PROBLEM TO SOLVE —
In your copy, repeat each record exactly and include no pictures.

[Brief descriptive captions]
=======

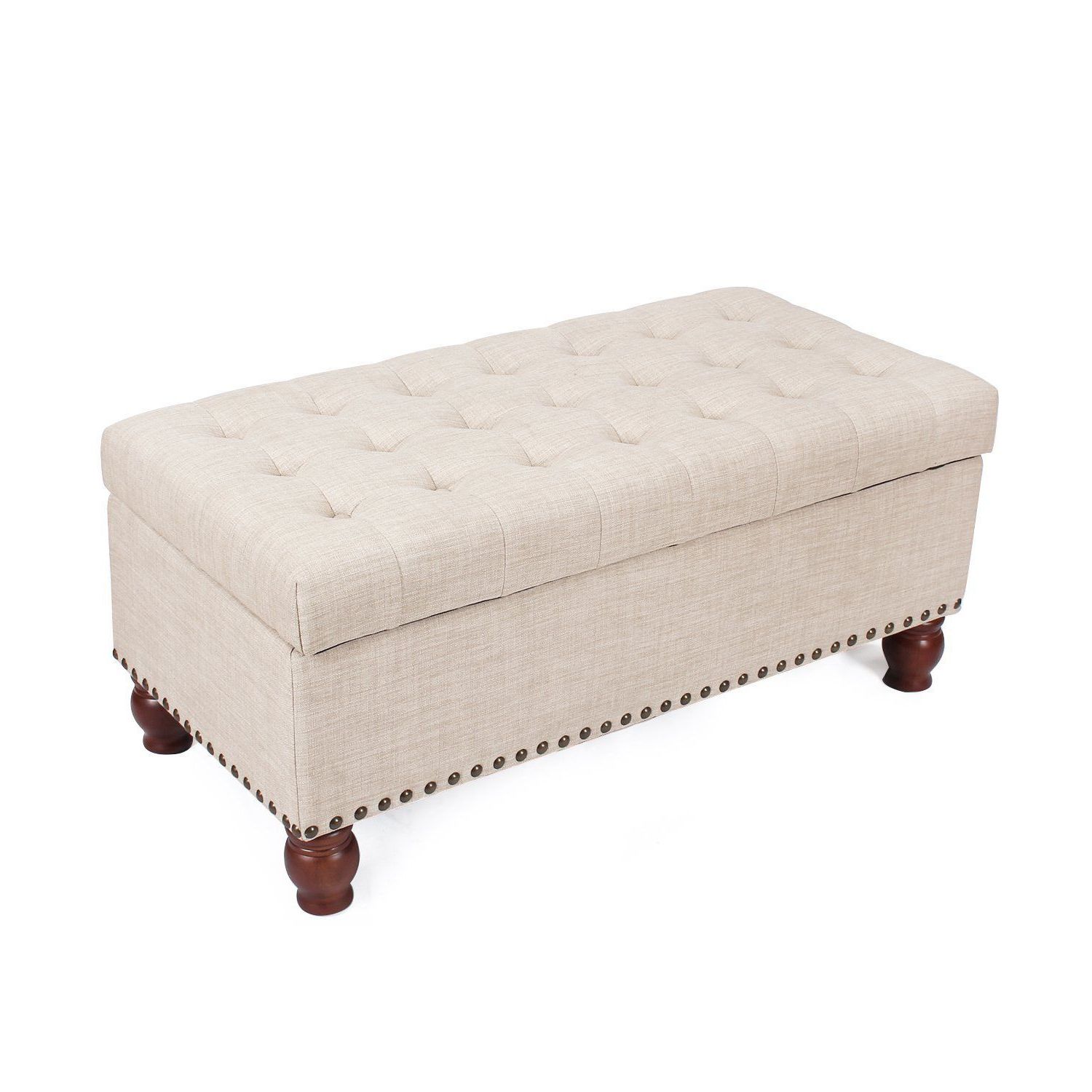 Linen Tufted Lift Top Storage Trunk In Most Recently Released Adeco Faux Linen Fabric Retangular Tufted Lift Top Storage Ottoman (View 5 of 10)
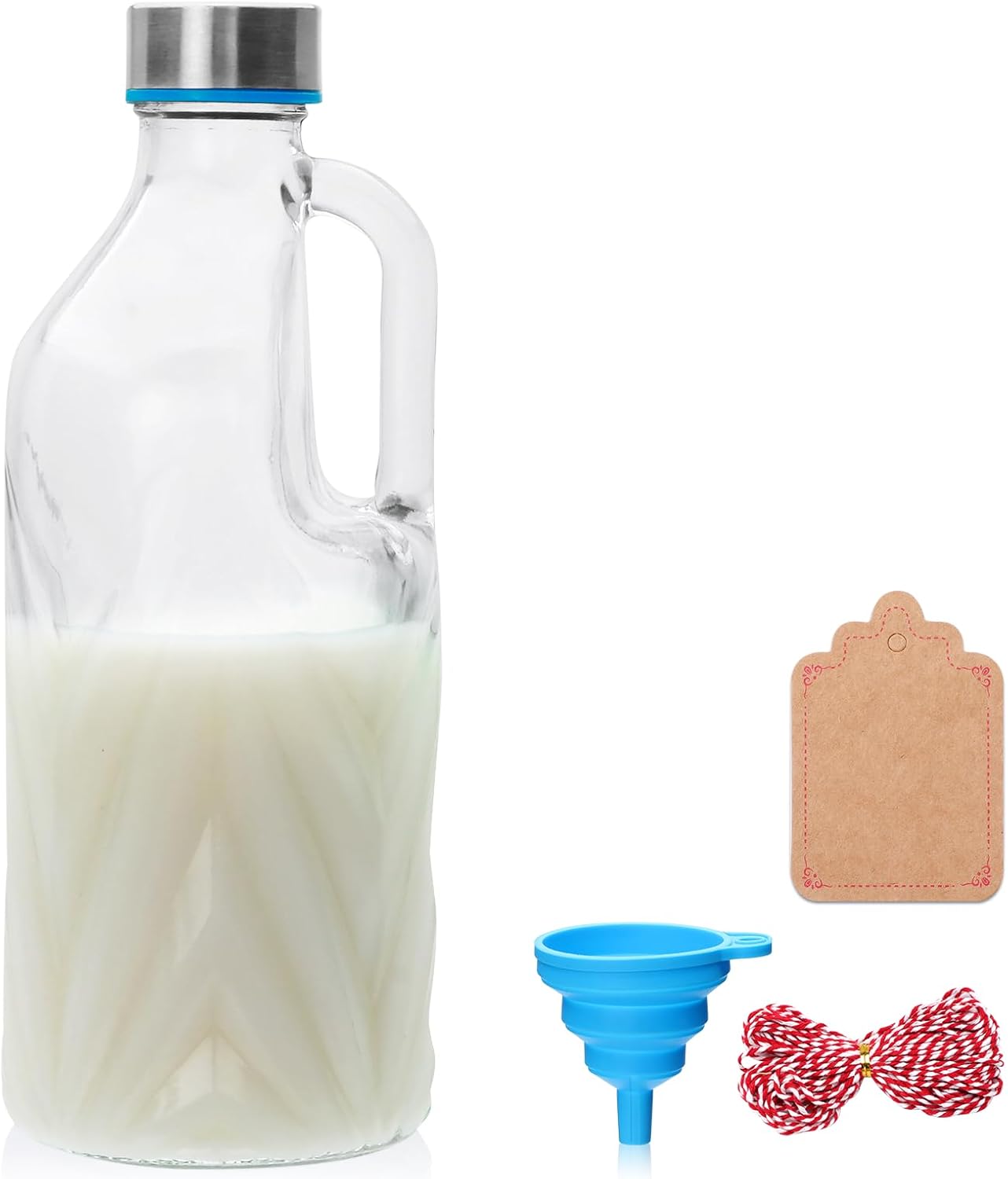 1 Pack 36oz Clear Glass Pitcher with Lid and Handle,Coffee Carafe Beverage Serveware,Water Jug for Making Tea and Juice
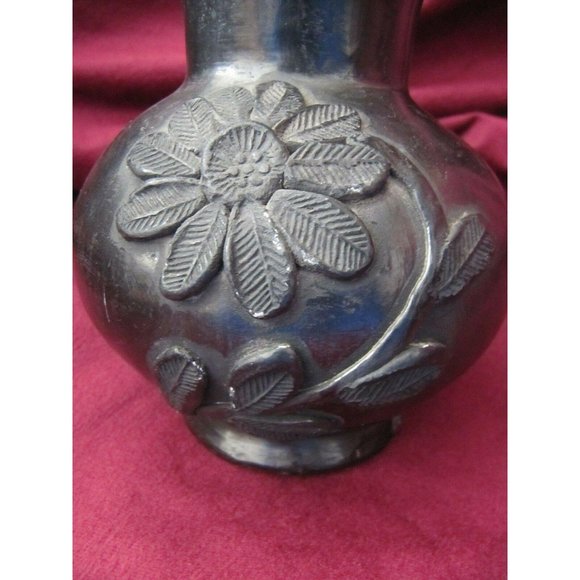 Dona Rosa Oaxaca Mexican Folk Art Flower Pitcher Black Clay Pottery Vase HE1 - Picture 3 of 9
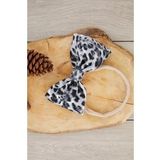 El Yapimi Buyuk Fiyonk Dogal Pamuklu Bebek Cocuk Kiz Sac Bandi Cool Leopar Gri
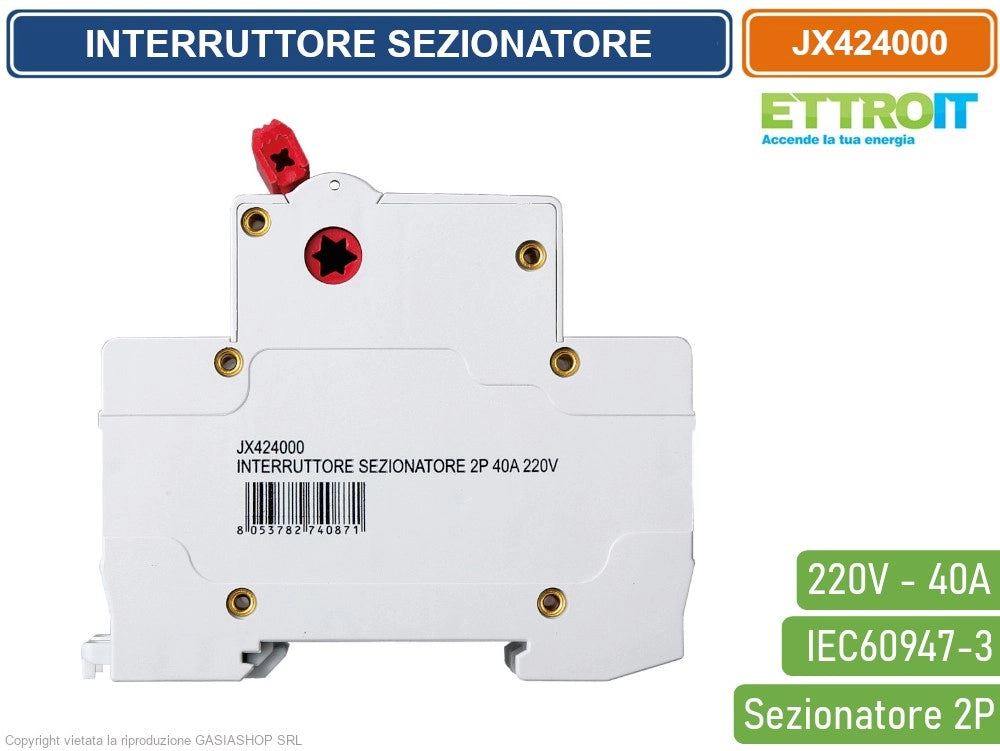 ETTROIT INTERRUTTORE DI ISOLAMENTO SEZIONATORE 2P 40A 220V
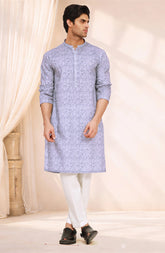 LIGHT-INDIGO 100%COTTON PRINTED KURTA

=======

YOUR RESPONSE —
 Linen Tufted Lift Top Storage Trunk In Most Recently Released Adeco Faux Linen Fabric Retangular Tufted Lift Top Storage Ottoman (View 5 of 10)
 1 Pack 36oz Clear Glass Pitcher with Lid and Handle,Coffee Carafe Beverage Serveware,Water Jug for Making Tea and Juice
 Dona Rosa Oaxaca Mexican Folk Art Flower Pitcher Black Clay Pottery Vase HE1 - Picture 3 of 9
 El Yapimi Buyuk Fiyonk Dogal Pamuklu Bebek Cocuk Kiz Sac Bandi Cool Leopar Gri
 ETTROIT INTERRUTTORE DI ISOLAMENTO SEZIONATORE 2P 40A 220V
 LIGHT-INDIGO 100%COTTON PRINTED KURTA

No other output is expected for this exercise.